Hawke's Bay Today reader Susan McIntyer asked why ratepayers should vote for Mr Perry when he used such a term, and questioned whether he had the people skills to care for Hastings residents.
Mr Perry responded that he did indeed have the people skills for the job.
"Yes, of course I do and I would stress that I am very socially aware and mindful of the hardships that many people experience," he said.
He noted that he had worked closely with the poor in one of the more impoverished island nations in the Pacific so knew how, in spite of social deprivation, those who had the will could rise above it.
"My reference to the 'vagabonds' was directed at those who use their perceived hardship as a crutch and then spend their days abusing people who are trying to go about their normal daily lives.
"One only has to talk to the retailers and shoppers to get a very clear understanding of the issues the 'vagabonds' cause."
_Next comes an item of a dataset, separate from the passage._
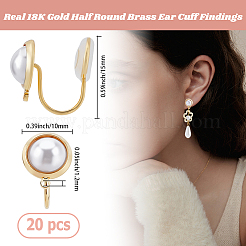 10 шт. полукруглая латунная фурнитура для ушей&nbsp;KK-BBC0022-47
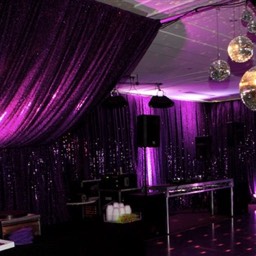 purple sequins at the yacht club sydney the look drape hire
This didn't wash with fellow candidate Waitawhara Tupaea, however, who said he was appalled at such labelling by someone running for public office.
"I have had people in my family who have been treated horribly by people who believe in meritocracy and the idea you have to just get off your bum and go to work.
"That's not how the world works."
He said homelessness had an impact not only on the person who did not have a home, but also the wider community.
"No-one chooses to be homeless and on the streets - as I said at the debate love and kindness are essential for a coherent society built on all the different interests.
"We should not be talking about people as units who are a burden on society - they are just people in the community who need help and our unconditional love and support."
Ms McIntyer also queried Mr Perry about his enthusiasm for tourism as a money earner for the district, recalling one of former New Zealander of the Year and physicist Sir Paul Callaghan's past comments that the more tourism, the poorer you get in terms of income generated from mostly unskilled jobs.
Mr Perry countered that for every person who questioned the value of tourism, there were another 100 who would espouse the merits of the visitors to the economy.
"Last year, $14.5 billion was spent by international visitors to NZ and to get a bigger share of that will be great for the economy, it will create jobs and boost opportunities for all sectors of the community.
"As a physicist Sir Paul was a great scientist and had many interesting social observations, however I would suspect that he would also recognise the huge value in creating employment and raising the standard of living through such means.
"I would be delighted to see a mix of all industries help our economy grow - tourism is but one arm of the opportunities on offer."